Area Related to Circles: Sure Questions

Three worked exam questions on areas of shaded regions, sectors, and the area swept by a clock's minute hand, from the Class 10 chapter Area Related to Circles.

This lesson walks through three sure exam questions from the Class 10 chapter Area Related to Circles. It finds the shaded area between two sectors with a common angle, the area of a quadrant with a right triangle removed, and the area a clock's minute hand sweeps in five minutes.
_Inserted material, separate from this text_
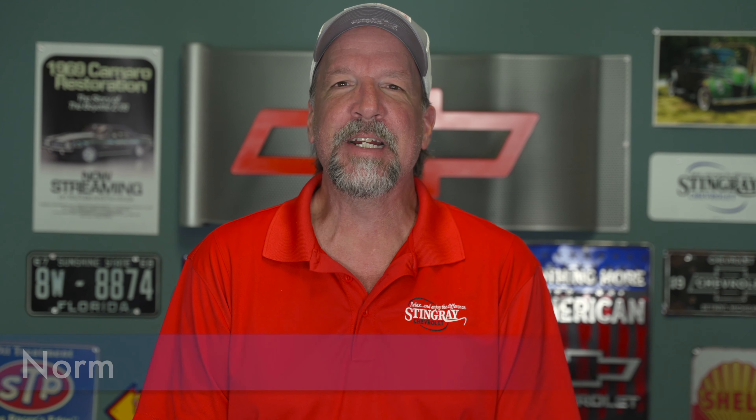Hey everybody, it's Norm and Will back for another episode of Behind the Garage Door. Today we're going to stay right here in Plant City, go hang out with a guy named Fred. Make sure you watch till the end because just when you think we're done, we're not.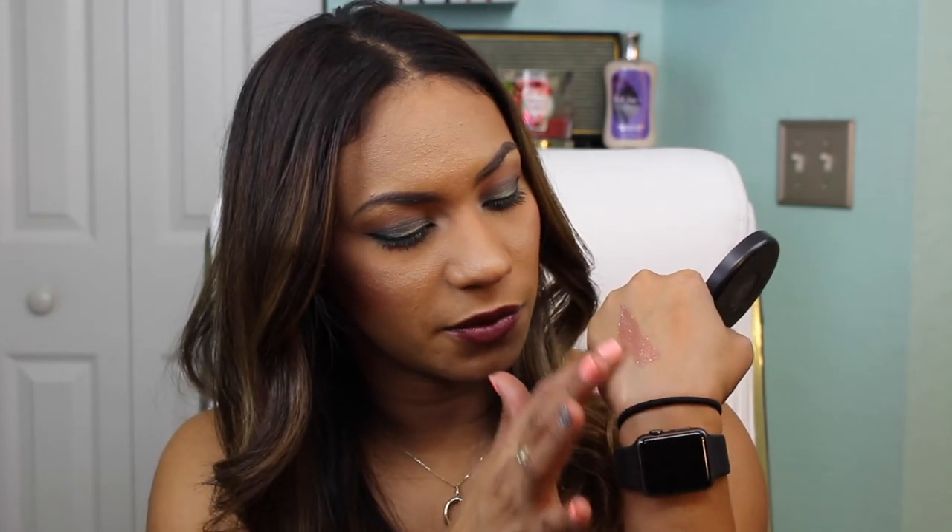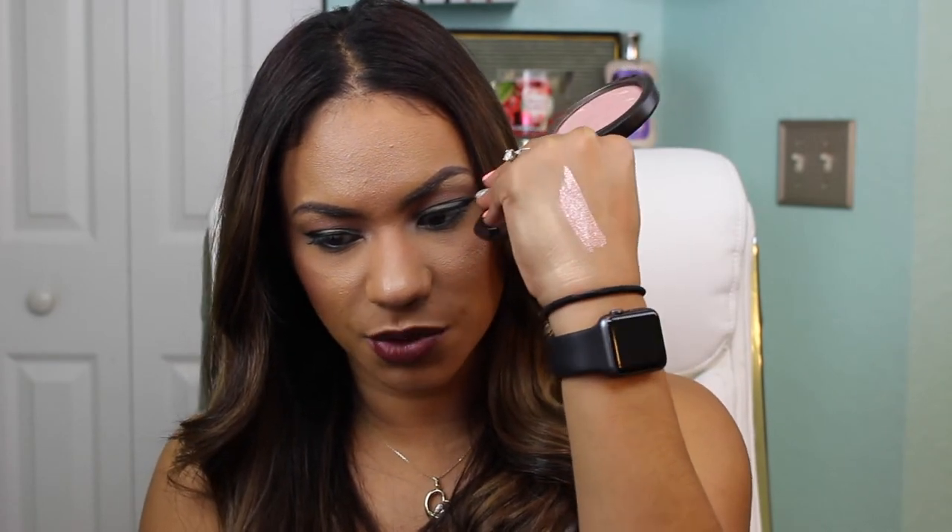Moving on, I'm sharing the MAC Extra Dimension Skin Finish in Beaming Blush. MAC came out with four Extra Dimensions that are permanent, and I got all four last year. This one has definitely been my favorite. I love MAC's Extra Dimension Skin Finishes — I think they're one of the best highlights of all time. It's a peachy golden shade that looks so good on the skin, especially if you're medium to dark. It gives you such a radiant glow without being over the top — a natural but bam-in-your-face glow. It's been my go-to highlight lately.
Each answer is built step by step using the sector area formula and careful cancelling.

What you'll learn

How to find a shaded region as the difference of two sectors that share the same angle
How to work out the area of a quadrant and subtract a right triangle inside it
How to convert minutes on a clock into degrees and find the area swept by the minute hand

Lesson chapters

0:00Shaded region between two sectors

2:46Quadrant minus a right triangle

4:15Area swept by a clock's minute hand

5:48Wrap up

Lesson notes

This lesson covers three exam questions from the Class 10 chapter Area Related to Circles: a shaded region between two sectors, a quadrant with a triangle removed, and the area swept by a clock's minute hand.

Shaded region between two sectors

The shaded region is the larger sector minus the smaller sector, both sharing the same angle $\theta = 30^\circ$ . The larger sector $AOB$ has radius $R = 21\ \text{cm}$ and the smaller sector $COD$ has radius $r = 7\ \text{cm}$ .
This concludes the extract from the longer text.